The same Athenian legends which ennobled and decorated the character of Thêseus, painted in repulsive colors the attributes of Minôs; and the traits of the old Homeric comrade of Zeus were buried under those of the conqueror and oppressor of Athens. His history like that of the other legendary personages of Greece, consists almost entirely of a string of family romances and tragedies. His son Katreus, father of Aëropê, wife of Atreus, was apprized by an oracle that he would perish by the hand of one of his own children: he accordingly sent them out of the island, and Althæmenês, his son, established himself in Rhodes. Katreus having become old, and fancying that he had outlived the warning of the oracle, went over to Rhodes to see Althæmenês. In an accidental dispute which arose between his attendants and the islanders, Althæmenês inadvertently took part and slew his father without knowing him. Glaukus, the youngest son of Minôs, pursuing a mouse, fell into a reservoir of honey and was drowned. No one knew what had become of him, and his father was inconsolable; at length the Argeian Polyeidus, a prophet wonderfully endowed by the gods, both discovered the boy and restored him to life, to the exceeding joy of Minôs.531
The latter at last found his death in an eager attempt to overtake and punish Dædalus. This great artist, the eponymous hero of the Attic gens or dême called the Dædalidæ, and the descendant of Erechtheus through Mêtion, had been tried at the tribunal of Areiopagus and banished for killing his nephew Talos, whose rapidly improving skill excited his envy.532 He took refuge in Krête, where he acquired the confidence of Minôs, and was employed (as has been already mentioned) in constructing the labyrinth; subsequently however he fell under the displeasure of Minôs, and was confined as a close prisoner in the inextricable windings of his own edifice. His unrivalled skill and resource however did not forsake him. He manufactured wings both for himself and for his son Ikarus, with which they flew over the sea: the father arrived safely in Sicily at Kamikus, the residence of the Sikanian king Kokalus, but the son, disdaining paternal example and admonition, flew so high that his wings were melted by the sun and he fell into the sea, which from him was called the Ikarian sea.533
Dædalus remained for some time in Sicily, leaving in various parts of the island many prodigious evidences of mechanical and architectural skill.534 At length Minôs bent upon regaining possession of his person, undertook an expedition against Kokalus with a numerous fleet and army.

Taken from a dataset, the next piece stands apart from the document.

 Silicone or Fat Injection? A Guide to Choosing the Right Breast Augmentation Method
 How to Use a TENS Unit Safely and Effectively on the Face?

Kokalus affecting readiness to deliver up the fugitive, and receiving Minôs with apparent friendship, ordered a bath to be prepared for him by his three daughters, who, eager to protect Dædalus at any price, drowned the Krêtan king in the bath with hot water.535 Many of the Krêtans who had accompanied him remained in Sicily and founded the town of Minoa, which they denominated after him. But not long afterwards Zeus roused all the inhabitants of Krête (except the towns of Polichna and Præsus) to undertake with one accord an expedition against Kamikus for the purpose of avenging the death of Minôs. They besieged Kamikus in vain for five years, until at last famine compelled them to return. On their way along the coast of Italy, in the Gulf of Tarentum, a terrible storm destroyed their fleet and obliged them to settle permanently in the country: they founded Hyria with other cities, and became Messapian Iapygians. Other settlers, for the most part Greeks, immigrated into Krête to the spots which this movement had left vacant, and in the second generation after Minôs occurred the Trojan war. The departed Minôs was exceedingly offended with the Krêtans for coöperating in avenging the injury to Menelaus, since the Greeks generally had lent no aid to the Krêtans in their expedition against the town of Kamikus. He sent upon Krête, after the return of Idomeneus from Troy, such terrible visitations of famine and pestilence, that the population again died out or expatriated, and was again renovated by fresh immigrations. The intolerable suffering536 thus brought upon the Krêtans by the anger of Minôs, for having coöperated in the general Grecian aid to Menelaus, was urged by them to the Greeks as the reason why they could take no part in resisting the invasion of Xerxês; and it is even pretended that they were advised and encouraged to adopt this ground of excuse by the Delphian oracle.537
Such is the Minôs of the poets and logographers, with his legendary and romantic attributes: the familiar comrade of the great Zeus,—the judge among the dead in Hadês,—the husband of Pasiphaê, daughter of the god Hêlios,—the father of the goddess Ariadnê, as well as of Androgeos, who perishes and is worshipped at Athens,538 and of the boy Glaukus, who is miraculously restored to life by a prophet,—the person beloved by Scylla, and the amorous pursuer of the nymph or goddess Britomartis,539—the proprietor of the Labyrinth and of the Minôtaur, and the exacter of a periodical tribute of youths and maidens from Athens as food for this monster,—lastly, the follower of the fugitive artist Dædalus to Kamikus, and the victim of the three ill-disposed daughters of Kokalus in a bath. With this strongly-marked portrait, the Minôs of Thucydidês and Aristotle has scarcely anything in common except the name. He is the first to acquire Thalassokraty, or command of the Ægean sea: he expels the Karian inhabitants from the Cyclades islands, and sends thither fresh colonists under his own sons; he puts down piracy, in order that he may receive his tribute regularly; lastly, he attempts to conquer Sicily, but fails in the enterprise and perishes.540 Here we have conjectures, derived from the analogy of the Athenian maritime empire in the historical times, substituted in place of the fabulous incidents, and attached to the name of Minôs.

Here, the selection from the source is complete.